States have expertise and have effectively used alternative financing
State governments have the expertise needed to finance benefits and repayment of federal loans through bonds and alternative financing. State Treasurers and many state agencies have bond authority with long histories in using alternative financing. The states have the capacity to evaluate state circumstances and elect alternative financing. It is not a federal responsibility to provide oversight of how a state chooses to finance state UI trust fund balances – this is a state responsibility.
States have met their responsibilities in choosing methods to assure that funds are available to pay unemployment compensation and the costs of financing are determined through negotiations in state legislatures, with Governors and with the primary stakeholders in the system.
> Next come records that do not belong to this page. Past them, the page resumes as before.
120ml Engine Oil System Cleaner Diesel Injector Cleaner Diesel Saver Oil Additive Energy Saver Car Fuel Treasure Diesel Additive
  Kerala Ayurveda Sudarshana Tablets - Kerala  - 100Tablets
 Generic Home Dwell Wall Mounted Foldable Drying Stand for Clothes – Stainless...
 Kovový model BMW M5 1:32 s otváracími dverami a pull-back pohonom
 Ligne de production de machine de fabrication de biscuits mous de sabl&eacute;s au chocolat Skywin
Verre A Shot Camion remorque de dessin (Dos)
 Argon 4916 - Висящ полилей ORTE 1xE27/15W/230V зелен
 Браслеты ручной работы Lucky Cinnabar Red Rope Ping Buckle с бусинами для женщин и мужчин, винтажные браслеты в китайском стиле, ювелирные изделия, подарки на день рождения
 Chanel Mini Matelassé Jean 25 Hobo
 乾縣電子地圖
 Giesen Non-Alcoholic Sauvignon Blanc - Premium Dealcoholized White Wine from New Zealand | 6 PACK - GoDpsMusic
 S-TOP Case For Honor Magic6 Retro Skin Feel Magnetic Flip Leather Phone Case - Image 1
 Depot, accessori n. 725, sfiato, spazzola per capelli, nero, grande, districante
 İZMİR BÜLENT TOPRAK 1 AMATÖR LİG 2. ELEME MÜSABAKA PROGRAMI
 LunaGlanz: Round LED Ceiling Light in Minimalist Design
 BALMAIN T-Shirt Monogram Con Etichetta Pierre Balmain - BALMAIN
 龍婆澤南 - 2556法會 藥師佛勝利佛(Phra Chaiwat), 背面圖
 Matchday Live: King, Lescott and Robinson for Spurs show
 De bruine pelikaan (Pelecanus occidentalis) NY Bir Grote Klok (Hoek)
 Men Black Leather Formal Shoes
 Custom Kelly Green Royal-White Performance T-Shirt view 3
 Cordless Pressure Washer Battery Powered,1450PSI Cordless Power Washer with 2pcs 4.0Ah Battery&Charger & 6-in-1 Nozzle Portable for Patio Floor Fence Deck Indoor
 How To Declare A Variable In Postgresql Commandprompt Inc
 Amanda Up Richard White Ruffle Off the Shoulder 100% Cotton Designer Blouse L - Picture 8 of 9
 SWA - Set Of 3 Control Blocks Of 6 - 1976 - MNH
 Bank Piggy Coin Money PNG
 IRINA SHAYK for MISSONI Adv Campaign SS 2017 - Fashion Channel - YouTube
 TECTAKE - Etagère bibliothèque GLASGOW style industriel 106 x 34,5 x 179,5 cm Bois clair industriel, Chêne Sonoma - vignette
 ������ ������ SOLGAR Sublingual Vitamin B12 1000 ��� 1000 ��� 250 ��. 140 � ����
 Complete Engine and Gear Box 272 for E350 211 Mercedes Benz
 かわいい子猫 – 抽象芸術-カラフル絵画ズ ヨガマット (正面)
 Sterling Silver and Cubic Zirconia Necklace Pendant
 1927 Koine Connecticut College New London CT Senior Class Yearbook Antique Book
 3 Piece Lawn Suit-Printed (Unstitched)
Based on the most recent UI Quarterly Data Summary, all states have positive balances in their UI trust fund accounts (with the exception of California and the Virgin Islands). California expects to repay Title XII loans to have a positive balance in its trust fund in 2018.
UWC Opposes Federal Requirements for State Unemployment Insurance Trust Funds
Information comparing state best practices is already available and the private financing market and state financing experts are more than capable of crunching numbers and providing options for state decision makers.
Employers, state financial experts and the other stakeholders in the UI system are already well informed about alternative financing options. Given the number of states and variety of alternative financing options already in place, a national standard with respect to alternative financing is likely to raise unnecessary issues and add risk and costs for employers and the system.